A lot of people don’t realise how vital patrons are to the performing arts. In many professional music contexts, ticket sales alone don’t cover the entire cost associated with putting on a performance. Such is the case with the Sydney Symphony Orchestra, whose patrons generously cover some of the shortfall.

One such patron is Mark Woods, who has supported Chris Haycroft, bassoonist in the 2017 SSO Fellowship program. The SSO Fellowship is a year-long apprenticeship program for young musicians looking to work full-time in the music industry for symphony orchestras such as the SSO. Last year I attended the Fellowship’s inspiring final concert and was lucky enough to speak to both Mark and Chris.

The SSO thanks patrons like Mark for their generous support by inviting them to attend rehearsals and masterclasses and giving them opportunities to interact with the musicians in the Fellowship, watching them grow through the experience. For Mark, the best part of the experience is seeing “young people going up to another level of skill, and so rapidly!”

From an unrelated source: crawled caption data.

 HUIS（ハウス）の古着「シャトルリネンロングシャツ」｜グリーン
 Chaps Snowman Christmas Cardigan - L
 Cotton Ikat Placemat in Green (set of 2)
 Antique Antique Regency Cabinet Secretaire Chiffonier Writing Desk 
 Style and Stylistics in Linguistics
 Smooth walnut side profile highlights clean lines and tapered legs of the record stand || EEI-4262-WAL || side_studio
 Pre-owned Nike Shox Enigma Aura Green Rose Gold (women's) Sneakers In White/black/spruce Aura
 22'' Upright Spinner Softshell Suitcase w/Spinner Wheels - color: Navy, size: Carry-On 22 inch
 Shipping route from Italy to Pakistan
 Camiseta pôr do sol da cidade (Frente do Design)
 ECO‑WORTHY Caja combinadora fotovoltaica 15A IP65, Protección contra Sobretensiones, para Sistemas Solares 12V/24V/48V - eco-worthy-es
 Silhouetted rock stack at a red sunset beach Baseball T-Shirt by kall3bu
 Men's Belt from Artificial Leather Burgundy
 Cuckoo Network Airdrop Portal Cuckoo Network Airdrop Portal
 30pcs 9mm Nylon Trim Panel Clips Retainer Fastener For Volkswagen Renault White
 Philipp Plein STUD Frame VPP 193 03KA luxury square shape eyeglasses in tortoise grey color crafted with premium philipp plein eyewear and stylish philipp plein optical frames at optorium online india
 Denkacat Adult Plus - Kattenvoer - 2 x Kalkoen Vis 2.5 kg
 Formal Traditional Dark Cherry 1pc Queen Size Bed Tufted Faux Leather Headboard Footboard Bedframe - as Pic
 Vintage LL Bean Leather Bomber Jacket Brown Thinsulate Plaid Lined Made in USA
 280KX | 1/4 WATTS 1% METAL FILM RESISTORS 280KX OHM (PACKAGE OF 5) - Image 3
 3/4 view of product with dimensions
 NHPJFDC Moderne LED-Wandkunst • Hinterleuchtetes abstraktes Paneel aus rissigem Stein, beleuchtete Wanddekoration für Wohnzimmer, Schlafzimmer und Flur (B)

“If you want [classical music] to continue in the world, you have to have patrons to keep it going! It would be a terrible craft to lose,” Mark says. “When you donate to the Fellows, it’s all going to the individual person. It’s not going down the drain!”

The Fellows are guaranteed a minimum of 40 calls playing alongside the permanent members of the SSO during the course of the year. Chris says this experience has been vital in his transition from student to professional.

“Coming into the ‘real world’ with the Sydney Symphony Orchestra, I’ve learnt so much just from sitting in the section with my colleagues, having to prepare pieces week by week to come into rehearsal and just go,” he says. “It’s a very different life playing professionally than it is playing as a student, and I’ve really learnt a lot from that.”

The symbiosis between patron and performer not only results in friendship, but translates to the performance stage as well. The Fellowship’s stunning display of talent and professionalism demonstrated in performance highlights the growth of the fellowship musicians as they prepare for life in the industry. This is made possible by the patronage of people like Mark, whose advice for young musicians considering applying for the Fellowship is: “jump at it, go for it.”

Mark’s contributions have allowed Chris the opportunity to progress his musical talents, setting a fine example for anyone wishing to assist the next generation of professional classical musicians.